While in line, I became temporarily distracted from my plight when one of the denizen approached us with a big basket of commemorative Castle Blood roses. They were only $3 and I really wanted one. Henry and I don’t often go to haunted houses together anymore and I thought it would be really ROMANTIC if he could spare a measly $3 of his blue-collar beverage factory income, but he merely smirked in response.

Then I remembered why I don’t go to haunted houses with him. He’d sooner leave me out for the chainsaw guys than be a man and claim his property. I guess he doesn’t have hero fantasies.

So Rick bought two and I was all happy about that until he said, “What? I bought this one for Henry.” Figures, people always side with Henry within 7 seconds of meeting him. (Sometimes even BEFORE meeting him. That’s because I write him as a downtrodden underdog. If only you guys knew the truth.)

(OK fine, that is the truth.)

Meanwhile,  the lady with the roses had fetched her albino friend and brought him over to inspect me, thinking I would make a good wife for him. I was very enthusiastic about this prospect, because at this point I would like to be SOMEBODY’S wife. Why not a dead albino guy with scary eyes?

He asked me what blood type I am, but then he and the rose-slinger ran off on an O+ tangent that rivaled Who’s On 1st. While those two were bantering, I looked at Henry in horror and whispered, “What’s my blood type?”

“I don’t know!” he said in that shitty, nerve-scraping tone that makes me want to castrate him along with the entire male population.

So then I spent the next countless moments suspended in time with my blood type quandary, until my prospective husband asked me again and I blurted out, “O+.” Henry said that’s probably what it is anyway. Not like he cares about my blood.

God, why can’t he just care about my blood?

Gravely was walking by so I snagged him and asked him to remind me who I was supposed to say hello to.

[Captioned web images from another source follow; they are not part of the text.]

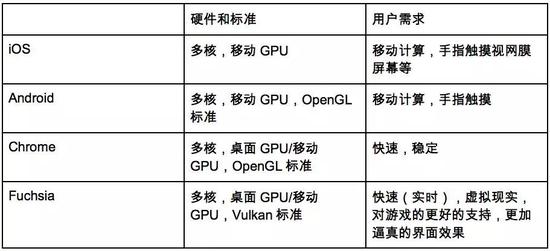 图1：国产操作系统可以从谷歌Android、Fuchsia中学到什么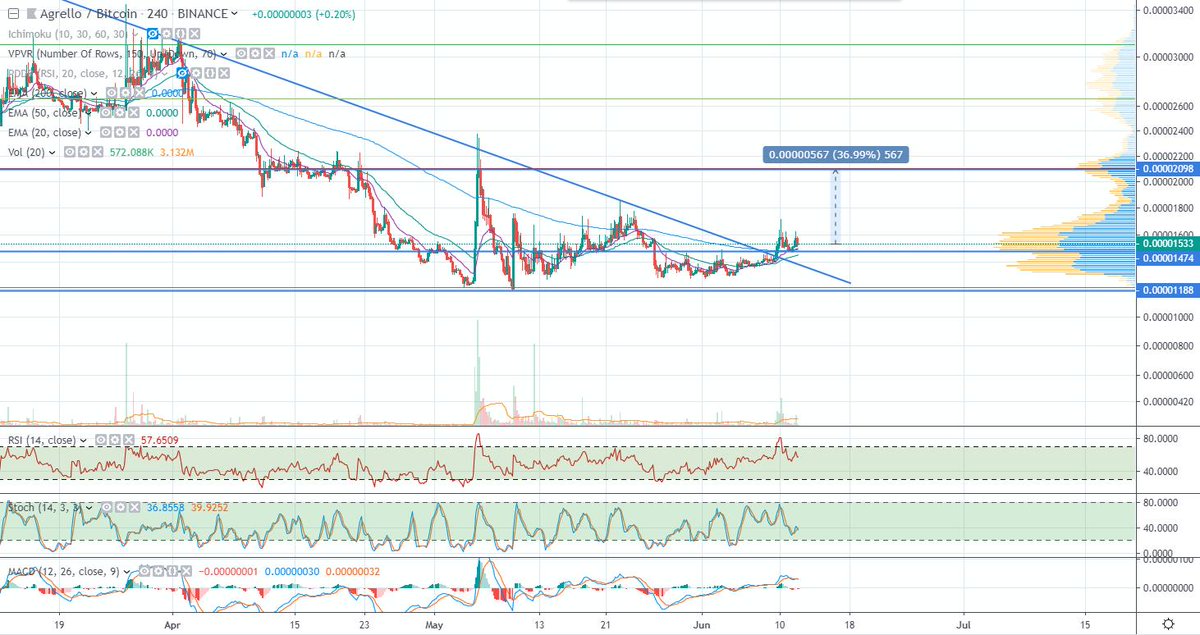 cryptoWalk3r's tweet image. $DLT 4hr

- Broke trendline
- EMA20 crosses up EMA200
- Volume kicking in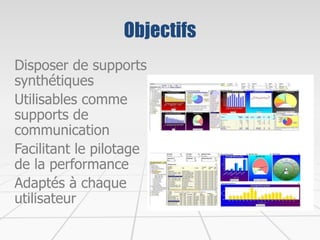 Objectifs
Disposer de supports
synthétiques
Utilisables comme
supports de
communication
Facilitant le pilotage
de la performance
Adaptés à chaque
utilisateur
 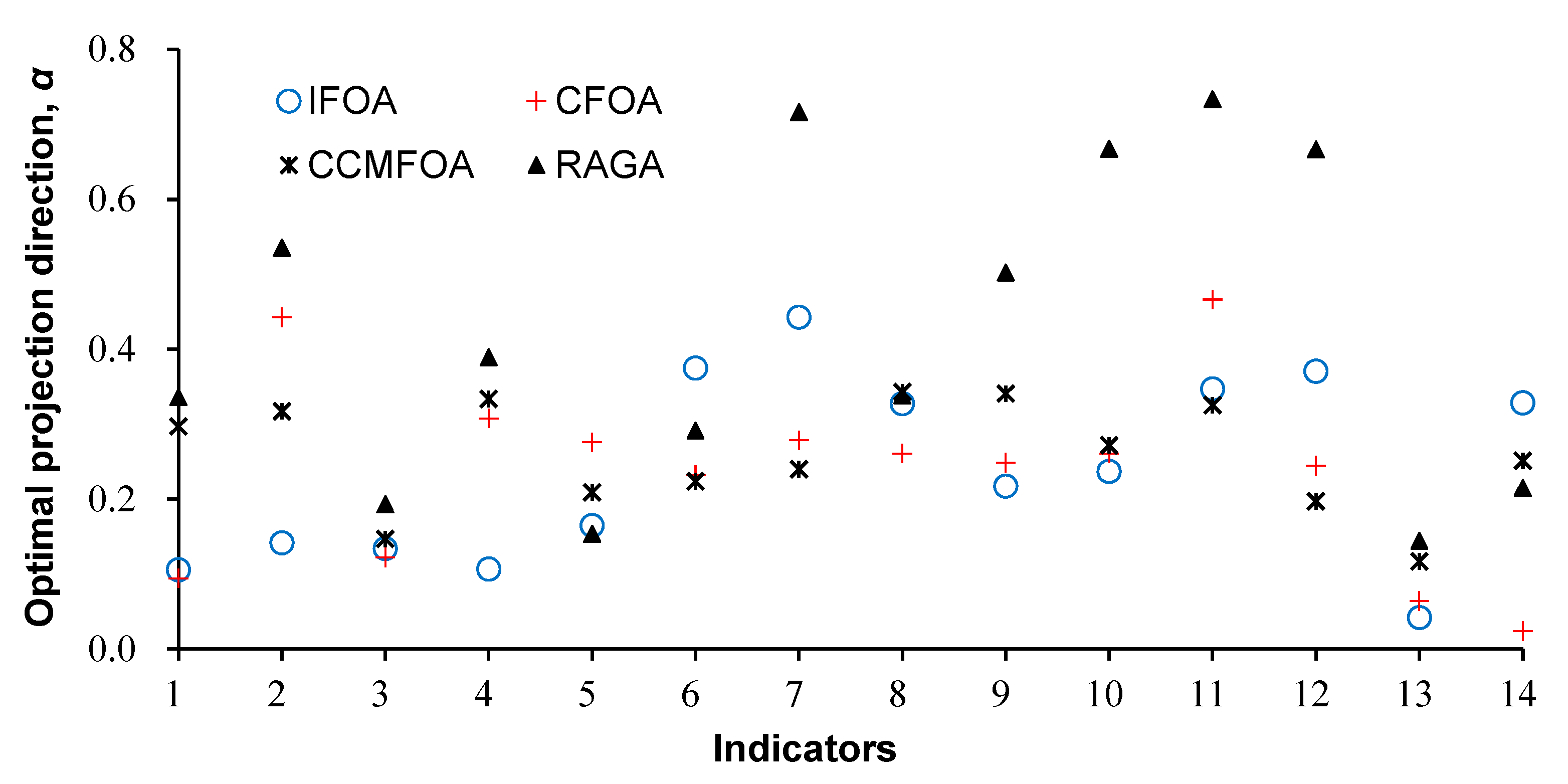 Symmetry 13 02016 g004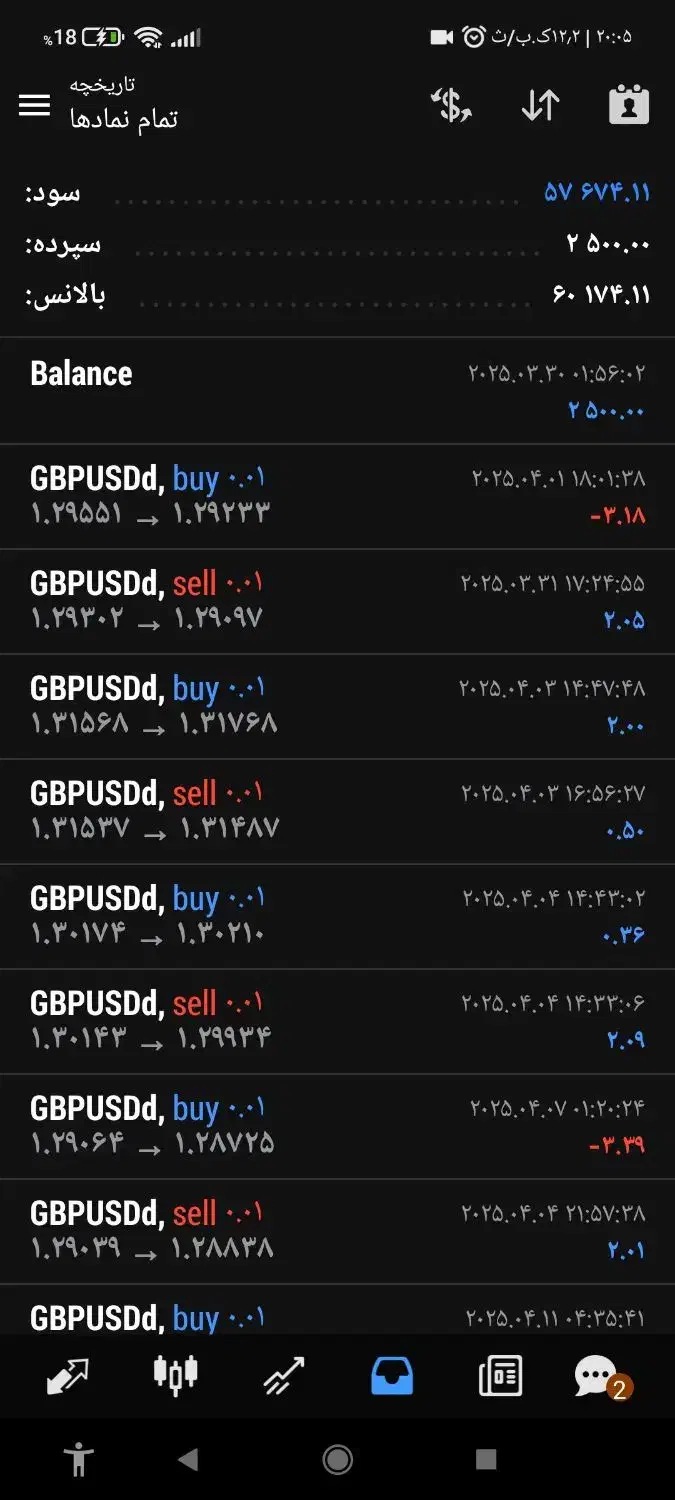 یک ربات ترید محشر|قطعات و لوازم جانبی رایانه|تهران, زعفرانیه|دیوار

If someone tells me to do something, my blinders go on and I’m on a pothole-filled track to the finish line, with sweaty palms and shallow breaths, ignoring everything that passes by.

I’m kind of tightly-wound.

A witch with prosthetics was all I could think about the entire time we were in that fucking Castle.

So in every room on the tour, I would hiss to Henry, “Is that her? Do you think that’s her?” to which he would always hiss back, “I DON’T KNOW!” He was too busy nursing a corset fetish to help me not have a panic attack.

I was distracted from my mission once and only once, in the laboratory where I developed a hearty crush on the cute steampunk inventor guy.

I’ll be back for him.

Eventually, I found my contact and after everyone else in our group continued to the next room, I blurted out, “AREYOUDAWNI’MOHHONESTLYERIN” and we shook hands and I think she said something (not once breaking character) but all I could hear was my heart pounding in my ears because OMG I had to TALK to someone.

I really should have a perpetual Xanax prescription.

The worst part of the tour is always the end. I mean, yeah—It’s great to turn in the talisman your group has collected and get your vampire teeth prize, but it just means that it’s time to leave. I’ve never had a bad time at the Castle, not even when Henry and I were stuck with a group of disrespectful teenagers who subsequently got thrown out and we were given complimentary tickets for having to deal with that, but going with Rick and Tammy really made it a cool, personal experience. It was really awesome getting to meet everyone there for real and it made me wish my mom and I were on speaking terms because she would have died. Castle Blood used to be our thing to do together. You know, before she went crazy. I will forever associate it with her.

(OMG, that steampunk guy was so hot.)

***

Afterward, we decided to go to dinner.

“I don’t care where we go, just as long as I can get a grilled cheese,” I said, whining about being sick of pie. “I just need cheese, anything with cheese.”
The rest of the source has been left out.